Asimismo, con la edad, ocurren cambios en el reloj biológico o ritmo circadiano, de tal manera que a medida que se envejece éste se avanza, produciendo un adelanto de la fase de sueño, de ahí que muchos adultos mayores se quejen de despertarse pronto por la mañana y ser incapaces de volver a dormirse. Estas personas empiezan a sentir sueño al final de la tarde, alrededor de las 20-21 horas, despertándose de madrugada. Por esto mismo, aunque retrasen su hora de acostarse, seguirán despertándose de madrugada, lo cual significa que sólo duermen unas 5-6 horas, según su reloj biológico adelantado. Estos adultos mayores requieren como mejor tratamiento la exposición a la luz solar al mediodía o primera hora de la tarde.

Como trastornos primarios del sueño de elevada frecuencia en el anciano que pueden manifestarse como insomnio con frecuentes despertares nocturnos y somnolencia diurna, cabe destacar:

  • Síndrome de Apnea del sueño (SAS): aunque en estos casos la hipersomnolencia diurna es más típica, los pacientes pueden manifestar como queja primaria el insomnio. Ocurre en un 28% de los varones y un 19% de las mujeres mayores de 65 años. Son individuos que no pueden respirar durante el sueño, con episodios de cese de la respiración (apnea) que pueden durar de 10 segundos hasta 1 ó 2 minutos. La falta de respiración provoca despertares precoces o un sueño poco reparador. Pueden existir desde 10 hasta más de 100 episodios de apnea por hora de sueño. Debe ser sospechado en adultos mayores, sobre todo varones que roncan, obesos, hipertensos, con un sueño fragmentado y no reparador que presenten lentitud mental y falta de concentración. Su importancia radica en que estos pacientes tienen un riesgo aumentado de morbimortalidad cardiaca y cerebrovascular. Ante la sospecha, sería aconsejable remitirlos a la consulta de un neumólogo para conocer sus causas, valorar un estudio polisomnográfico y establecer un tratamiento, bien sea higiénico, como perder peso, farmacológico, mecánico mediante un aparato de presión continua positiva en la vía aérea (CPAP), o incluso quirúrgico, según su origen y gravedad.
  • Síndrome de piernas inquietas: aparece antes de dormir y se caracteriza por una urgencia irresistible de mover las piernas, lo que le obliga a cambiar de posición de forma permanente, dificultando la conciliación del sueño, tanto del paciente como de su acompañante de cama.
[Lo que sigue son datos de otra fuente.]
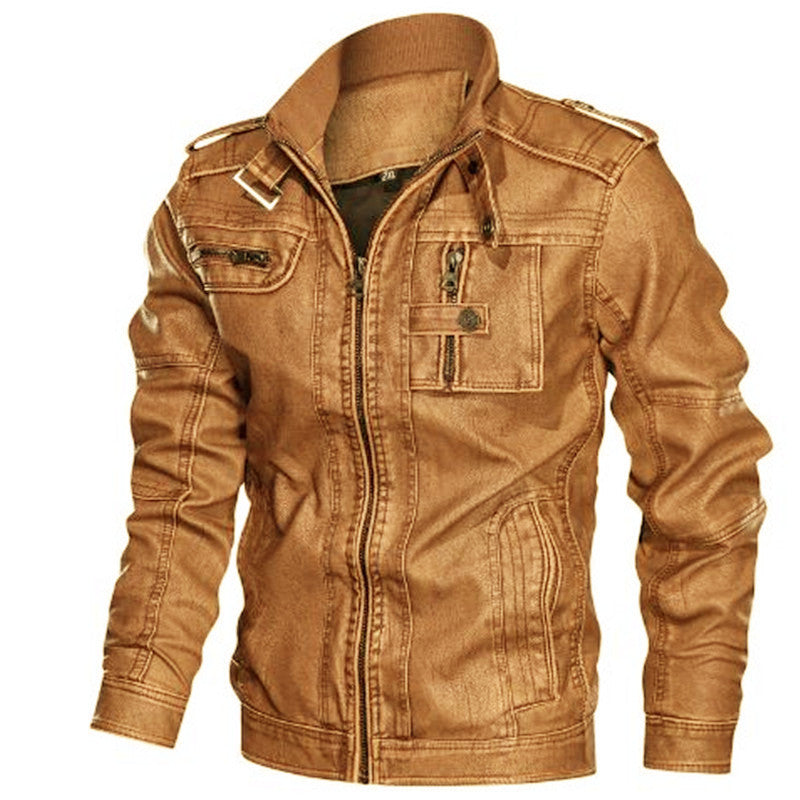 Herren stylische Jacke mit vielen Taschen und trendigem Design Aliams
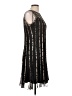 Sandra Darren 100% Polyester Graphic Black Cocktail Dress Size 12 (petite) - photo 4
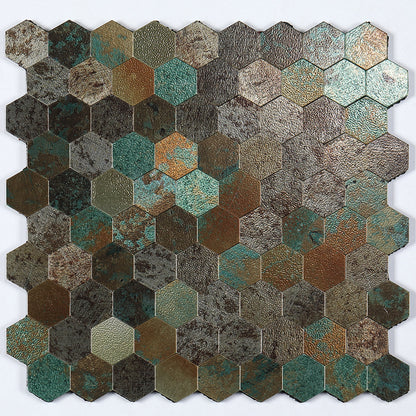BowLift | Modern Tile-Peel & Stick Metal Mosaic Tile Hexagon Peel & Stick Subway Tile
Suele asociarse a las mioclonías nocturnas, que son movimientos periódicos de las piernas mientras se duerme, de 2-4 segundos de duración y repetidos cada 20-40 segundos. Cada movimiento va seguido de un breve despertar. Ocurre en un 30-45 % de los adultos mayores. Si se manifiestan con clínica, se descartarán entre otras causas la insuficiencia renal, diabetes, enfermedad de Parkinson o efectos de fármacos. Su tratamiento es difícil y con efectos variables.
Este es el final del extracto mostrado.